Nix-TB compared its results to historical XDR-TB cohorts where success rates were often below 20-40%. However, historical controls are prone to selection bias and changes in supportive care. A PhD-level critique would highlight that without a concurrent control group, it is difficult to statistically isolate the specific contribution of pretomanid from the known high efficacy of bedaquiline and linezolid when used together.

Journal Editor
Journal Editor

As a reviewer, how would you address the potential for 'healthy survivor bias' in the Nix-TB study, given that the primary endpoint was measured 6 months after the completion of a high-toxicity treatment phase?

Key Response

A seasoned editor would flag that patients who survived the initial toxic phase of linezolid treatment to reach the 6-month post-treatment follow-up might not represent the entire intention-to-treat population. The editor would look for rigorous handling of loss-to-follow-up and deaths, ensuring that 'favorable outcome' definitions are not artificially inflated by excluding those who discontinued the drug early due to adverse events.

Guideline Committee
Guideline Committee

Nix-TB provided the evidence for WHO to recommend BPaL under 'operational research' conditions. What specific evidence gaps remain that prevent BPaL from becoming the universal 'Strong Recommendation' for all MDR-TB cases regardless of resistance profile?

Key Response

Current WHO guidelines (e.g., 2020 updates) transitioned toward all-oral regimens, but BPaL was initially restricted due to concerns over linezolid toxicity and the need for drug susceptibility testing (DST).

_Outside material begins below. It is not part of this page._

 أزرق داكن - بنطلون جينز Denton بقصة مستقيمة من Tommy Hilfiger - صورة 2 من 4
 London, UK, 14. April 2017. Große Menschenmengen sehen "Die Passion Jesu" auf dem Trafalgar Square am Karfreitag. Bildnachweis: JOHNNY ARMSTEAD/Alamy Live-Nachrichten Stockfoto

To move to a 'Strong Recommendation,' the committee needs data on the regimen's performance in children, pregnant women, and patients with pre-existing linezolid resistance, as well as more evidence on the optimal (safer) linezolid dosing schedule (e.g., from the ZeNix trial).

Clinical Landscape

Noteworthy Related Trials

2020

Nix-TB Trial

n = 109 · NEJM

Tested

Bedaquiline, pretomanid, and linezolid (BPaL)

Population

Patients with XDR-TB, treatment-intolerant, or nonresponsive MDR-TB

Comparator

None (single-arm study)

Endpoint

Favorable outcome at 6 months after the end of treatment

Key result: 90% of participants had a favorable outcome, demonstrating the efficacy of the BPaL regimen.
2021

TB-PRACTECAL Trial

n = 552 · NEJM

Tested

Bedaquiline, pretomanid, linezolid, and moxifloxacin (BPaLM)

Population

Patients with bacteriologically confirmed MDR-TB or XDR-TB

Comparator

Standard of care (WHO-recommended MDR-TB treatment)

Endpoint

Composite of death, treatment failure, treatment discontinuation, or recurrence at 72 weeks

Key result: The BPaLM regimen was superior to the standard of care with significantly higher success rates and fewer adverse events.
2022

ZeNix Trial

n = 181 · NEJM

Tested

Bedaquiline, pretomanid, and linezolid (BPaL) with varying linezolid doses/durations

Population

Patients with pulmonary XDR-TB, pre-XDR-TB, or treatment-intolerant/nonresponsive MDR-TB

Comparator

Different linezolid dosages and durations

Endpoint

Favorable status at 26 weeks after treatment completion

Key result: High rates of favorable outcomes were achieved across all dosage groups, suggesting treatment could be optimized to reduce toxicity.